その時、遠くから鐘の音が鳴り響いた。大聖堂の鐘の音……夜を告げる調である。
「……あ! いけない!」
ガバッとブランコからレイサさんが立ち上がった。
「結構長く話し込んじゃいましたが、そろそろコハルさんを迎えに行かないと! あの人、気を遣って一人で勝手に帰っちゃう可能性があるので! すいませんハナコさん、私は此処で失礼します!」
「あ、いえお気になさらず。むしろこんなにも時間をとってしまって……ありがとうございました、レイサさん。少し気持ちが楽になりました」
「それこそ気にしないでください! 私が勝手に自己満足で来ただけですので! それに……一応『ヒーロー』、ですから!」
とーう! とテンション高めに飛び出したレイサさんは、そのまま公園を駆け抜けて……入口でふと立ち止まり、改めて私の方を振り向いた。
「――言い忘れてましたが、ハナコさん。しばらくは気をつけてくださいね。私は今までが今までなので、貴方に親近感を持ちましたが……きっと、コハルさんとの件で、貴方のことをあまり快く思っていない人も……少なからずはいるかと」
「……!」
「――でも大丈夫! ハナコさんなら、いずれ皆さん理解してくれると思います! いつも通りに過ごしていれば、各々忙しい方々ですから会うことも早々ないでしょうし、平気ですよ! では!」
タッタッタとレイサさんが駆けていく。その後ろ姿を見ながら、密かに考える。……コハルちゃんの発作絡みで、私をよく思っていない人たち……ある程度見当はつくが……。
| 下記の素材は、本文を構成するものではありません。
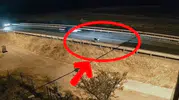 Tekirdağ'da yol kenarına bırakılan motosiklet iki haftada çalındı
暗くなり始めた公園で、私は一人、先に比べればだいぶ前向きな思考に耽るのであった。
ピリリリ。
もうだいぶ暗くなってしまった道を走る私の胸元で、鳴り響くモモトークの着信音。おや、こんな時間に通話とは、一体誰でしょう。まさか、コハルさんからですかね? ……いやないな。あの人催促の電話なんて一度もかけてきたことありませんし。むしろ変に気遣って一人で帰ろうとするタイプですし。それが一番困るんですけどね。……では誰から?
自問自答しながらも携帯を開くと、そこには早々連絡を取らない人の名前が。これは……即座にタップして応答する。